§ **Instructions for the task**
Write the listing out once more, identical to the original but without pictures.

§ **Given data**
▼▼▼

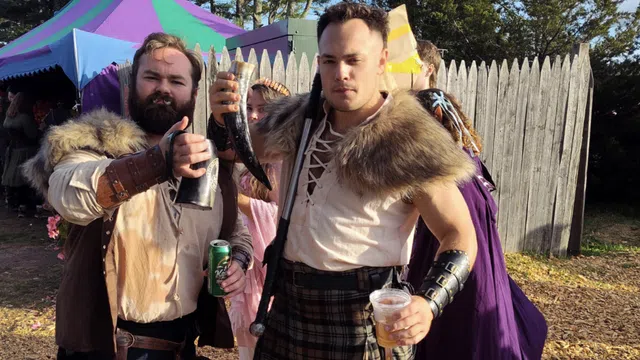 Two men in medieval costumes holding drinking horns and cups at a Renaissance fair with colorful tents and wooden fences.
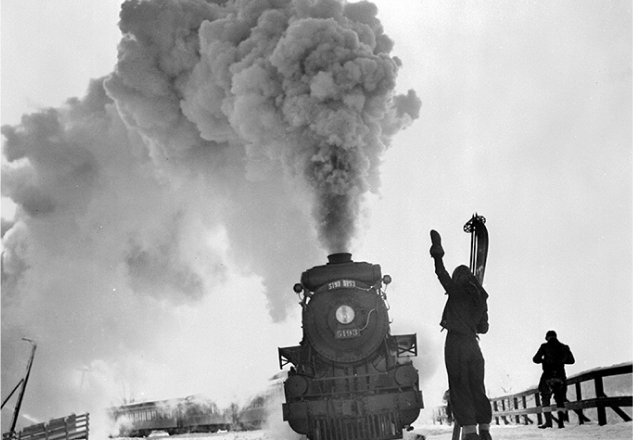 A black and white frontal view of a moving train.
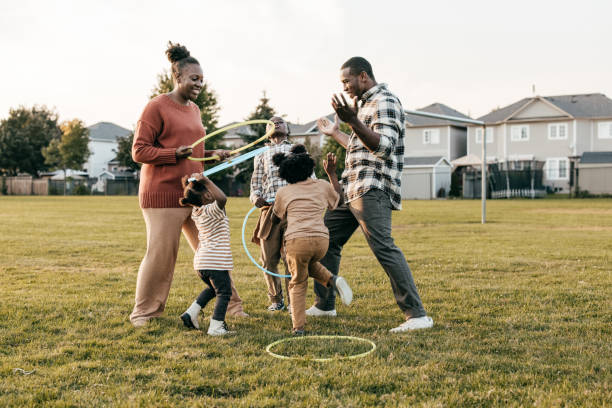 istock Family playing outside with hula hoops 1352363912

▲▲▲

§ **Output of the exercise**
 Two men in medieval costumes holding drinking horns and cups at a Renaissance fair with colorful tents and wooden fences.
 A black and white frontal view of a moving train.
 istock Family playing outside with hula hoops 1352363912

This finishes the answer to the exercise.